Comment ces paroles furent-elles possibles ? L’un est médecin, l’autre chercheur. Deux professions auxquelles nous sommes redevables tout le temps, et en ce moment en toute conscience. Surtout, deux métiers de curiosité et d’intelligence. Sans doute ont-ils, depuis cette ahurissante conversation télévisée, compté les jours ? Ces choses-là moussent puis s’éteignent au bout de quelques éditions en continu, chassées par une autre actualité ou une autre indignation, même s’il leur arrive de traîner encore un peu dans la nébuleuse numérique de la colère et du persiflage. C’est la ronde des faits divers et des dérapages, l’un suit l’autre au rythme où circulent les émerveillements et les scandales.

Il faut pourtant y revenir, car ce sont des idées qui viennent de loin. Y compris à l’insu de leurs émetteurs. Ce médecin et ce chercheur, peu importent leurs noms, ont évoqué grosso modo des essais de vaccin anti-covid sur des Africains et des prostituées. Grosso modo, parce que l’important c’est l’idée, et incidemment les réactions vives, leur étonnement, le déni de l’un, les excuses de l’autre. Importants aussi le naturel et le calme avec lesquels de tels propos peuvent être proférés. ‘Ils ont partagé le monde, Plus rien ne m’étonne’ dixit en reggae Tiken Jah Fakoly.

Ce virus tue partout dans le monde, pas seulement en Afrique. D’où l’émoi mondial. Son épicentre n’est pas en Afrique, d’où le désarroi mondial. L’Afrique s’invite à plusieurs titres. Elle n’est pas épargnée, bien que modérément et inégalement affectée pour l’instant. Elle se réclame de sa pratique des maladies infectieuses. En connaissance de cause ou en préjugé, certains craignent l’insuffisance ou l’incapacité des structures de santé, voire une hécatombe. Des voix africaines rappellent que le palu tue davantage que le covid, pourtant le paludisme semble rester hors sujet de recherche fondamentale et appliquée, en tous cas hors calendrier.
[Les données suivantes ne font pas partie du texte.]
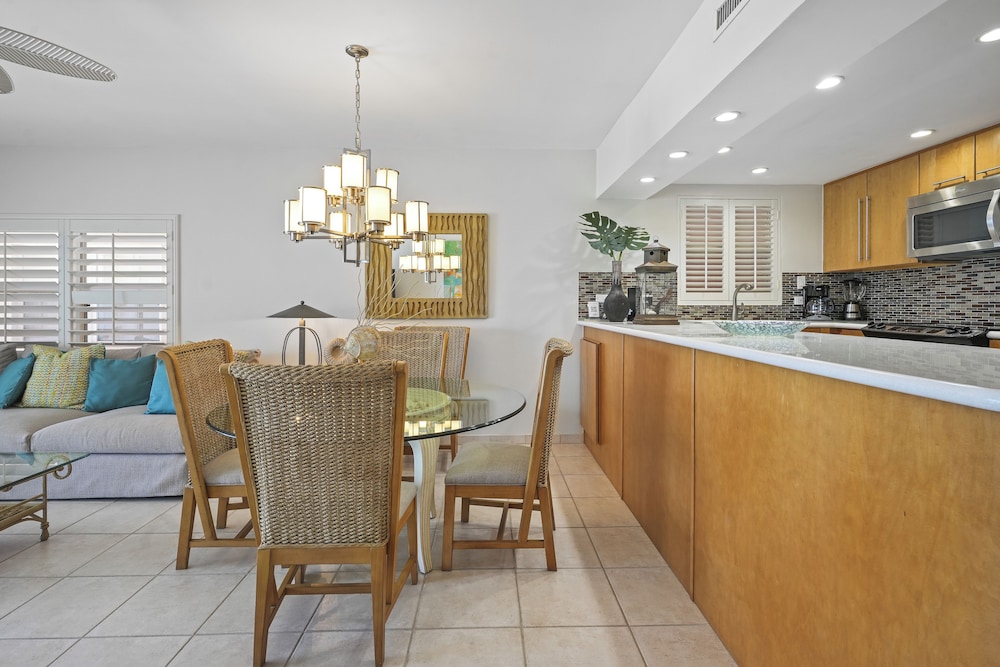 Aqua Bay Club Luxury Condos 6/50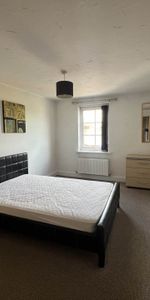 Elphins Drive, Wilderspool Park, Warrington - Photo 3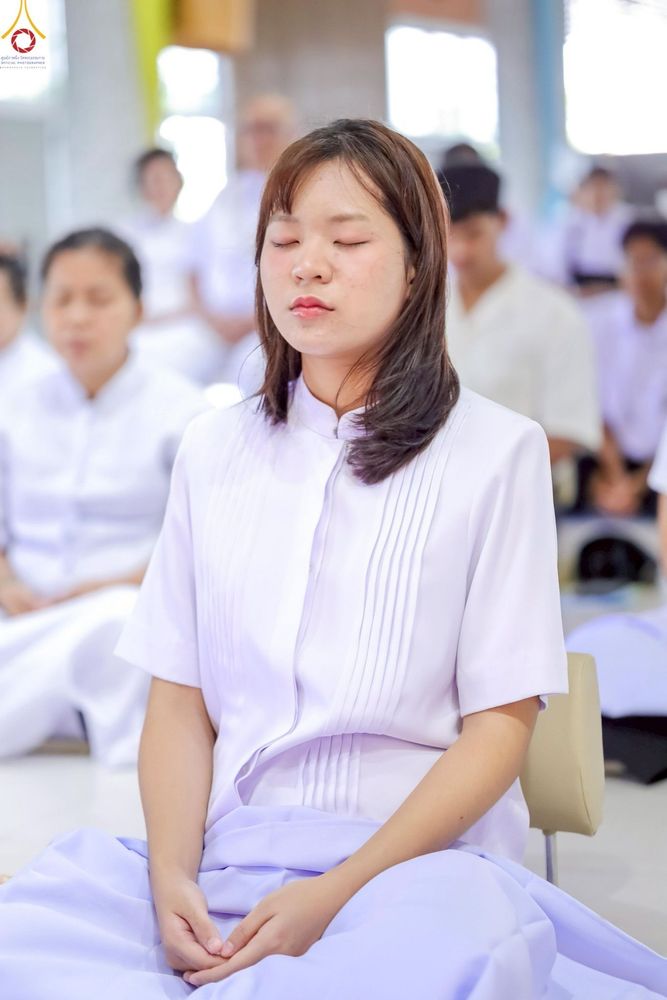 ภาพ No.249040:วันที่ 26-28 กันยายน พ.ศ. 2568 โครงการอบรม อุบาสกแก้ว อุบาสิกาแก้ว รุ่นที่ 3  ณ ศูนย์ปฏิบัติธรรมสมุทรปราการ ได้รับความเมตตาจากคณะสงฆ์ในพื้นที่  รวมถึงผู้บริหารสถานศึกษา ที่นำนักเรียนระดับมัธยมปลาย  มารับฟังข้อมูลเพื่อที่จะเป็นกำลังสำคัญ ในการเข้าร่วมขบวน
D’éminents auteurs ont exposé avec limpidité cette problématique des corps exposés au mépris et aux sévices. Parmi eux, Frantz Fanon, James Baldwin, Karen et Barbara Fields qui décrivent tout en subtilité comment, au-delà de la fiction de la race, de la réalité du racisme et des actes racistes, comment une sorte d’artisanat de la racialité a permis d’accoler à des corps, parce qu’ils sont en couleur, des caractéristiques mentales présupposées, justifiant des exclusions et des oppressions tout à fait officielles et légales. Achille Mbembe prolonge ces analyses avec clairvoyance : il interroge cette mise à l’index – la ‘race’ ayant historiquement été inventée pour le ‘Nègre’ (ces Strange fruit de Billie Holiday) – et ses effets à venir. Et si cela préfigurait le sort d’une majorité de l’humanité fragilisée par l’ordre (le désordre) économique ? Nous voyons nous-mêmes comment sont les corps qui s’écrasent contre les barbelés aux frontières dans le monde, au nord et au sud : de beige mat à bleu-noir.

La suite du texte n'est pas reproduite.